5 of 183 comments (clear)

  1. The human aspect by SKPhoton · · Score: 3, Interesting

    How much of the "skill" in computerized chess comes from the programmers and how much comes from the raw cpu horsepower available? TFA was quoting 40-core boxes competing with Nokia cell phones.

  2. Boring by foo+fighter · · Score: 3, Interesting

    Chess has become boring, like checkers or backgammon.

    To even competitively play at the local club level you really need a ridiculously deep memorization of openings and endings. At the grandmaster level, they've basically memorized the tables used by computers.

    Average games of chess only last around 60 moves. The depth of opening and closing books increasingly has reduced the middle game of actually interesting play. If it's not down to only 1-5 moves, it will be soon.

    The game will be dead--or at least not interesting enough to be seriously played--long before it is solved.

    P.S. You arrogant fans of Go can frak yourselves. Where do you think the scientists will go once they're done with chess.
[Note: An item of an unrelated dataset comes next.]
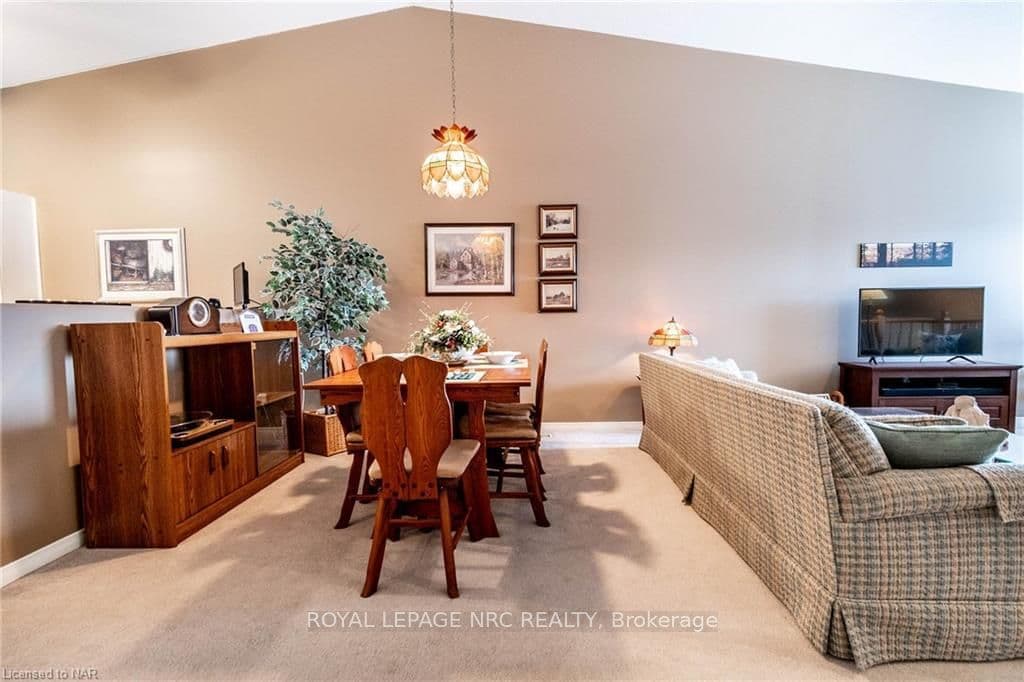 299 AUTUMN Crescent photo 12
Enjoy it while it lasts.

    --
    obviously no deficiencies vs. no obvious deficiencies
    1. Re:Boring by hey! · · Score: 3, Interesting

      Actually, this was why Bobby Fischer stopped playing chess.

      He may have been as crazy as a bedbug, but that doesn't mean he didn't understand chess. The beauty of chess is its intuitive challenge, but gradually, over the years, an encyclopedic knowledge of past games has come t count for as much as insight.
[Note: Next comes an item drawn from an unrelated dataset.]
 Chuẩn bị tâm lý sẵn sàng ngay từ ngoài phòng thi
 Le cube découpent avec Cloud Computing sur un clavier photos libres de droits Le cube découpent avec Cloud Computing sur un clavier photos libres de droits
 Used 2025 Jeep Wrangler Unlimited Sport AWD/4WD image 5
      Towards the end of his life, Fischer developed a variant of chess where the initial positions of the pieces were shuffled, but in a way that preserved all legal chess moves. This eliminates the value of having a vast database of chess openings.

      --
      Post may contain irony: discontinue use if experiencing mood swings, nausea or elevated blood pressure.
  3. Re:Women's grandmaster? by syousef · · Score: 4, Interesting

    The sad reality is, yes the women certainly can't compete with the men in top level world chess. I'm not sure who it's sad for though - the men or the women. You see to be great at chess you have to be obsessive about it. The more situations you've seen, the greater your ability to avoid lines of play that look good on instinct but leave you in a hole. So world champion chess players tend to be even more obsessive and single minded (to the exclusion of almost everything else including social interaction) than other world champions. People who get that good at chess don't do much else. It's like OCD on OCD. They study study study and study some more. In a lot of ways it's self destructive. Most women just won't do that to themselves. I believe this is the real reason women aren't as good in chess. They're not stupider than men, they're actually smarter.

    --
    These posts express my own personal views, not those of my employer
  4. Re:What's the market for these engines? by 7+digits · · Score: 4, Interesting

    There are several commercial use for better engines:

    1) Game analysis. When you have played a game against and lost, you try to understand why you lost. Sometimes it is because you made an obvious blunder, but when you get better at the game, you start loosing for strategical reasons (lost control of a certain square, etc, etc). Having a good engine helps you try new ideas, and play a lot of what-if scenarios

    2) Game understanding. When you follow a live tournament between grandmasters, having a good engine can give you an explanation about what the underlying ideas are ("Why doesn't he plays Nb6? You try it, and get the answer instantly")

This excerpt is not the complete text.